While driving a Jeep Cherokee, two hackers—Charlie Miller and Chris Valasek—remotely did everything from blasting cold air through the vehicle's vents, blaring hip-hop through the speakers, spraying windshield wiper fluid and even appearing on the dashboard display system, before disabling the SUV, leaving it stranded on the side of the highway. Although it was controlled, the experiment showed how scary it can be for a vehicle to be hacked into while driving.
What the hackers proved is their technique—which the security industry has dubbed a "zero-day exploit"—can leave Jeep Cherokees and other vehicles vulnerable to attack. Hackers are able to gain access to Cherokees' steering, brakes and dashboard features through the vehicle's Uconnect, the Internet-connected computer component in many Fiat Chrysler vehicles. Miller and Valasek noticed an incredibly vulnerable element of Uconnect, which lets hackers tap into a car's IP address and access it remotely from anywhere in the country.

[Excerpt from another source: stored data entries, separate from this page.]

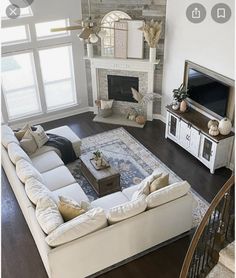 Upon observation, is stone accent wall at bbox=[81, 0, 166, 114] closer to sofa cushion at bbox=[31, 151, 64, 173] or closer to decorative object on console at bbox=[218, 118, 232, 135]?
decorative object on console at bbox=[218, 118, 232, 135]

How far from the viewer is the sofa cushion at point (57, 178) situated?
5.53 metres

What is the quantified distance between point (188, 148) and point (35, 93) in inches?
153

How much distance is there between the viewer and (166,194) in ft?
14.9

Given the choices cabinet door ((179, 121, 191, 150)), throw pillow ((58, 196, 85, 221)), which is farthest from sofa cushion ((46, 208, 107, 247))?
cabinet door ((179, 121, 191, 150))

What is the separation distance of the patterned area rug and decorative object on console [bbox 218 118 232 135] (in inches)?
47.8

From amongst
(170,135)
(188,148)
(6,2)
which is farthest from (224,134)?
(6,2)

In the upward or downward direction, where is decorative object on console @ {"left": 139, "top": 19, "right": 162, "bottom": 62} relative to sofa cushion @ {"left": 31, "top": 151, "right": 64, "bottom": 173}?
upward

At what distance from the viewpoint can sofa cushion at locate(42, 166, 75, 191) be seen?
A: 5.53m

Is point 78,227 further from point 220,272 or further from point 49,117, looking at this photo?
point 49,117

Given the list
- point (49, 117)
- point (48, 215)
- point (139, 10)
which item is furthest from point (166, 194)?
point (49, 117)

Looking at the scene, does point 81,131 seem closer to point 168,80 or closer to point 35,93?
point 35,93

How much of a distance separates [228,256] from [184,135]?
3772 millimetres

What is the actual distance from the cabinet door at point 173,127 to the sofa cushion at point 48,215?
3600 millimetres

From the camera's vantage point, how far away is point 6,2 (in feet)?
23.1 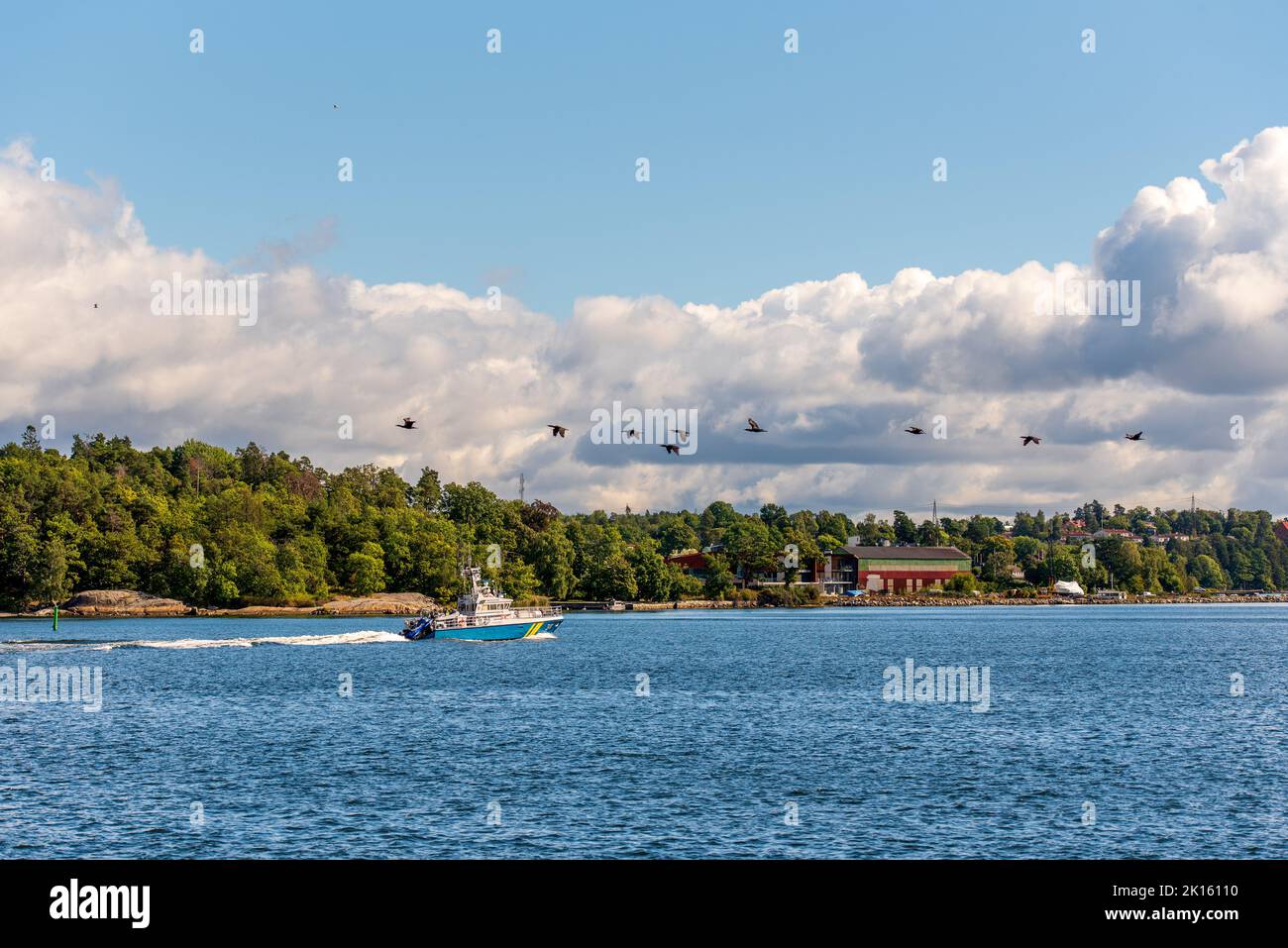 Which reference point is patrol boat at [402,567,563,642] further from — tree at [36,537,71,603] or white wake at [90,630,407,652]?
tree at [36,537,71,603]

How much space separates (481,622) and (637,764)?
275ft

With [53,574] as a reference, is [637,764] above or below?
below

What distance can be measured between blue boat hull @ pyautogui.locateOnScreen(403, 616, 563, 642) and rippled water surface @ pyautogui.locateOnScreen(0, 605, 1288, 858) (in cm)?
2967

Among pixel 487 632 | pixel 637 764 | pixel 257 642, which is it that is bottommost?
pixel 257 642

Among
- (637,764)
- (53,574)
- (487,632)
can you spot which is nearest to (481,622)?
(487,632)

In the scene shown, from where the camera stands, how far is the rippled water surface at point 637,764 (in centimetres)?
3409

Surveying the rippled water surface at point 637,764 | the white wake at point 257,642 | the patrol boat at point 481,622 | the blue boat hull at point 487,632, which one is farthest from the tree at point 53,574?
the rippled water surface at point 637,764

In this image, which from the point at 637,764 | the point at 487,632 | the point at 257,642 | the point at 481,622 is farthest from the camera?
the point at 487,632

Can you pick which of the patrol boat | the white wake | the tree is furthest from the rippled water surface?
the tree

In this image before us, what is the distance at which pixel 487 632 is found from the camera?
425ft

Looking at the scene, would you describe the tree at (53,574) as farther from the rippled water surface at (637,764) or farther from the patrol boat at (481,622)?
the rippled water surface at (637,764)

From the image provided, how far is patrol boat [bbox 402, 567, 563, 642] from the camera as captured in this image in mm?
128500

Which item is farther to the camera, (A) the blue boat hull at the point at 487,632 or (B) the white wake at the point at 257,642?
(A) the blue boat hull at the point at 487,632

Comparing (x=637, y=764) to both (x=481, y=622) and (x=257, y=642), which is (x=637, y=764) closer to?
(x=481, y=622) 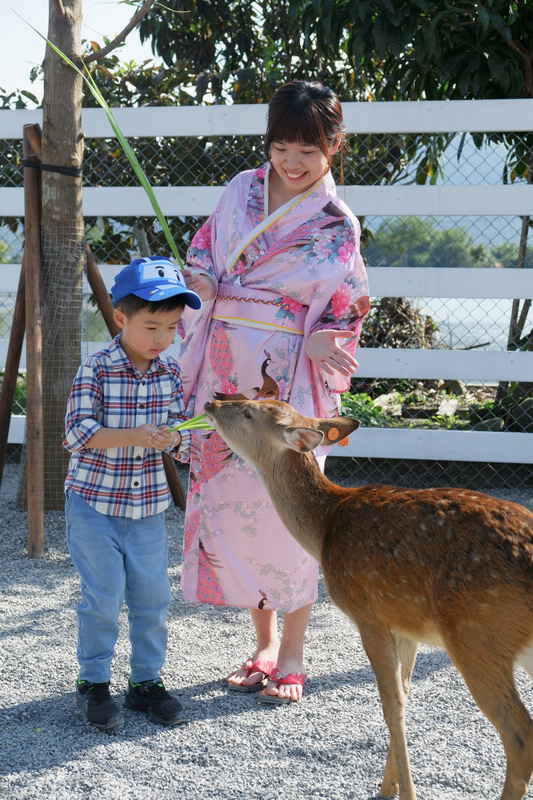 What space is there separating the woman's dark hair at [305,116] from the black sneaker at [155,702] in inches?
75.1

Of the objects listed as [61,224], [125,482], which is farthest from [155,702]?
[61,224]

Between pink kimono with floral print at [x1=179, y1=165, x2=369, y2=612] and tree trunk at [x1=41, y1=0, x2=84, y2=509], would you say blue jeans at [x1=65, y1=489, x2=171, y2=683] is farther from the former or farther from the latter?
tree trunk at [x1=41, y1=0, x2=84, y2=509]

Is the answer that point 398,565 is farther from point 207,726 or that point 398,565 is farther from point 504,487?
point 504,487

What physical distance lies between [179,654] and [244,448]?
1112 mm

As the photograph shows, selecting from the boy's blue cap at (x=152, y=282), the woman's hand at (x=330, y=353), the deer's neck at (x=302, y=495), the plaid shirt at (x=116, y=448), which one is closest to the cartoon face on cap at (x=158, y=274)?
the boy's blue cap at (x=152, y=282)

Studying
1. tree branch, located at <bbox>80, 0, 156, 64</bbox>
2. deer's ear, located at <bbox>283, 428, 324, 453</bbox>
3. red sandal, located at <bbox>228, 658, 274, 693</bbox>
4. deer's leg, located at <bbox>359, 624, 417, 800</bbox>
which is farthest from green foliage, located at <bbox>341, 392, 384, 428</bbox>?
deer's leg, located at <bbox>359, 624, 417, 800</bbox>

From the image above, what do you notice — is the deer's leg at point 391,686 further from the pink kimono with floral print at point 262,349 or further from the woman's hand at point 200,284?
the woman's hand at point 200,284

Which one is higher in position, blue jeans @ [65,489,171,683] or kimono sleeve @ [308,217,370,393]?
kimono sleeve @ [308,217,370,393]

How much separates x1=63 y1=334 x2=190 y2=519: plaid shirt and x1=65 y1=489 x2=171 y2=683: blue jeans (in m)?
0.06

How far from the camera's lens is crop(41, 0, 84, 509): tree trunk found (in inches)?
186

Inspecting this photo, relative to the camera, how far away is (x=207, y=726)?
266 cm

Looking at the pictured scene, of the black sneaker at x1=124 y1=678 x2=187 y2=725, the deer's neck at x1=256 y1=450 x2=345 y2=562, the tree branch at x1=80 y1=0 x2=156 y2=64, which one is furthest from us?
the tree branch at x1=80 y1=0 x2=156 y2=64

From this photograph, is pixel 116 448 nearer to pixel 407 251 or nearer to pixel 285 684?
pixel 285 684

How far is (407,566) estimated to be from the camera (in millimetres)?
2129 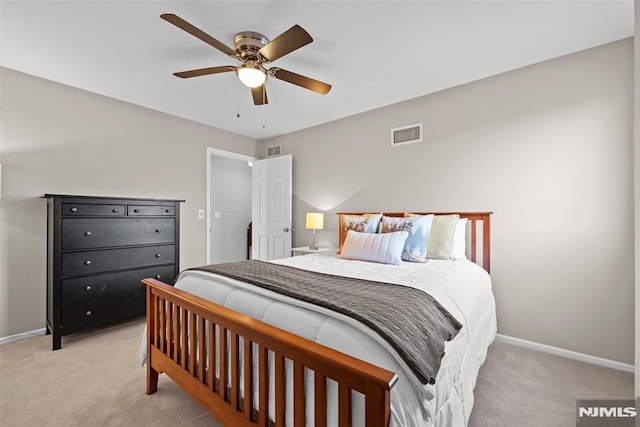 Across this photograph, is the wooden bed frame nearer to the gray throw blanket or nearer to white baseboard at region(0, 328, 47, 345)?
the gray throw blanket

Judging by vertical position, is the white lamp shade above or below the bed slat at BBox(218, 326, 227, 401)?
above

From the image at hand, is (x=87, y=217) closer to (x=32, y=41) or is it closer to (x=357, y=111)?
(x=32, y=41)

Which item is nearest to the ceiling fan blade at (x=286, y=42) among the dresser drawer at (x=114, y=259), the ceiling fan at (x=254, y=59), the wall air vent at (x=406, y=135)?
the ceiling fan at (x=254, y=59)

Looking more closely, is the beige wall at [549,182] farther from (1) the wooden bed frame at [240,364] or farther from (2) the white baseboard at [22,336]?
(2) the white baseboard at [22,336]

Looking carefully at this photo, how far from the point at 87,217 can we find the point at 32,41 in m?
1.44

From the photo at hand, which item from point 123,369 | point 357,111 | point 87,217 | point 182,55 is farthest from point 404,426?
point 357,111

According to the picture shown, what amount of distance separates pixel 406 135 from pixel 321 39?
154 cm

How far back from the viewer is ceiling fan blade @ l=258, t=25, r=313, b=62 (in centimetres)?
159

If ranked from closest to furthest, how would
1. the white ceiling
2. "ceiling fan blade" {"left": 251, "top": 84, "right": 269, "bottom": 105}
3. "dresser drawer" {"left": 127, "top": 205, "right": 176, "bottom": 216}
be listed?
1. the white ceiling
2. "ceiling fan blade" {"left": 251, "top": 84, "right": 269, "bottom": 105}
3. "dresser drawer" {"left": 127, "top": 205, "right": 176, "bottom": 216}

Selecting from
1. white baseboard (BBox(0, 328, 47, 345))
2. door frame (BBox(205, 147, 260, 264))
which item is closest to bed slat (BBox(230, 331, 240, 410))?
white baseboard (BBox(0, 328, 47, 345))

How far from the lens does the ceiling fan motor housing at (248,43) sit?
6.58ft

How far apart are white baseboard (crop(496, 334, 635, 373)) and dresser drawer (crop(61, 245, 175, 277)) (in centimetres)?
355

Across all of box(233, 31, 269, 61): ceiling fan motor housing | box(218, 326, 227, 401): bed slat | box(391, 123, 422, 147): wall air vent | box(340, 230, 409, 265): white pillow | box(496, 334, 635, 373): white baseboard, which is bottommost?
box(496, 334, 635, 373): white baseboard

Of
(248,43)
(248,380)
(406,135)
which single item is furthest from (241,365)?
(406,135)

Wired is reporting that senators Ed Markey and Richard Blumenthal will introduce an automotive security bill Tuesday (July 21) to bolster digital secruity standards for vehicles. In addition, Chrysler's new software update for Uconnect includes a patch designed to prevent hackers' attempts to compromise its vehicles through the Internet connection.
In fact, Wired is reporting that Miller and Valasek have been working with Chrysler for the past nine months on the patch. Late-model Chrysler owners with the Uconnect feature can manually update the software by downloading the update, putting it on a USB drive and plugging it into the vehicle's dashboard port or they can simply bring it to their nearest Chrysler dealership.
Chrysler vehicles with Uconnect from late 2013 through early 2015 should have their software updated. In addition, Chrysler informed Wired that 2013-2014 Dodge Rams, 2013-2014 Dodge Vipers, and 2014 Jeep Cherokees, Jeep Grand Cherokees, and Dodge Durangos as all vulnerable to the Uconnect attack as well. So are the 2015 Jeep Cherokees, Jeep Grand Cherokees, and Chrysler 200s. All owners of those vehicles should have the software updated.